A couple more spectacular Bugatti hypercars appeared too.
A classy billionaire decided to pilgrimage to the homeland of Bugatti, Chateau Saint-Jean, in Molsheim, France and wasn't going to leave their own precious Bugattis' at home.
That's why they decided the only logical thing to do to show one's appreciation for such a renowned brand was to drive their three record-celebrating Bugatti models to their birthplace in a glorious tribute to the brand's past.
The models include the Veyron 16.4 Super Sport World Record Edition, Veyron 16.4 Grand Sport Vitesse World Record Edition, and Chiron Super Sport 300+. These three models were then joined by two others from the Singh Collection from Punjab, India: The Veyron Pur Sport and the Divo. To have all these vehicles in the same place at the same time must have been glorious.
The three vehicles' history starts with the oldest, the Veyron 16.4 Super Sport World Record Edition. In 2010, a unique Veyron was cooked up that produced 1,184 horsepower from the quad-turbocharged W16 engine, among many other changes.
It was driven around the Ehra-Lessien test track at 267.86 mph. The driver who piloted the car that day, Pierre-Henri Raphanel, welcomed the owner and his vehicles to the facility. Soon after the first record, in 2013, the Veyron 16.4 Grand Sport Vitesse set the record for the world's fastest convertible with a speed of 254.05 mph with the top down.
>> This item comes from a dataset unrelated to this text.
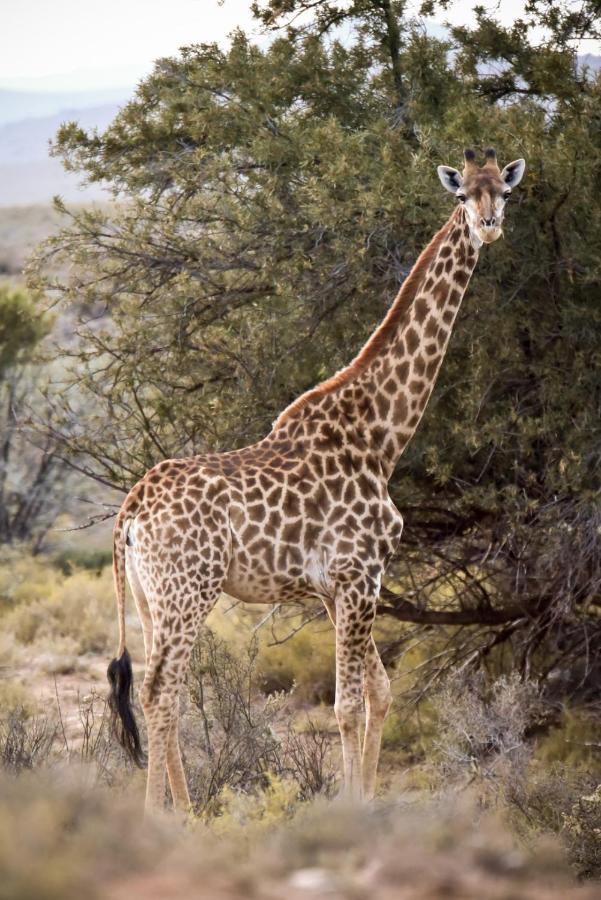Mont Eco Game Reserve Montagu Bagian luar foto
Finally, the Chiron Super Sport 300+. In 2019, the vehicle was driven to a speed of 304.73 mph by driver Andy Wallace. When this occurred, the vehicle became the first production car to pass the 300 mph speed barrier, with Bugatti more than happy to publicize the feat as far and wide as possible.
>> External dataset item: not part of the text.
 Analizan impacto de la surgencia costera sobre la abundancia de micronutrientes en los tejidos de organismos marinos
To celebrate the owner and their vehicles, the Bugatti Design Director, Achim Anscheidt, signed the three vehicles with a special note that reads, "In record-breaking friendship. Molsheim, 26/4/23." Andy Wallace and Pierre-Henri Raphanel also attended to sign their respective record-breaking vehicles.
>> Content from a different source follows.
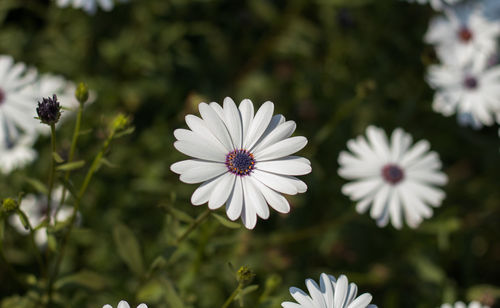 Close-up of white flowering plants in park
As a thank you, the owner left a Bugatti 'La Bouteille Noire': a hand-crafted carbon fiber champagne case in the style of La Voiture Noire with a 15-liter bottle of fine vintage champagne inside. We've written about it before, and it's truly a sight to behold.
The entire thing must have been a dream come true for the owner. The three vehicles they brought are truly awe-inspiring feats of engineering, but if we may digress a little, at least two of the three vehicles deserve an asterisk next to their proclaimed "production car" accomplishments.
First, the Veyron 16.4 Super Sport that broke the world record in 2010 was a pre-production model with its limiter removed. The production vehicle is limited to 258 mph, meaning the vehicle never really set a "production car" record.
The Chiron Super Sport 300+ may even be a bigger offender. Not only did it set its 304.773 mph top speed in a pre-production model, but it set it in only one direction, which leaves too many variables in play. Additionally, the production car is only considered a special edition using only visual cues from the record-breaking car. The production model is limited to 273 mph, a far cry from the claimed record.
Finally, Hennessey may have something to say about the Vitesse's world record, but this is one case where we think the record checks out.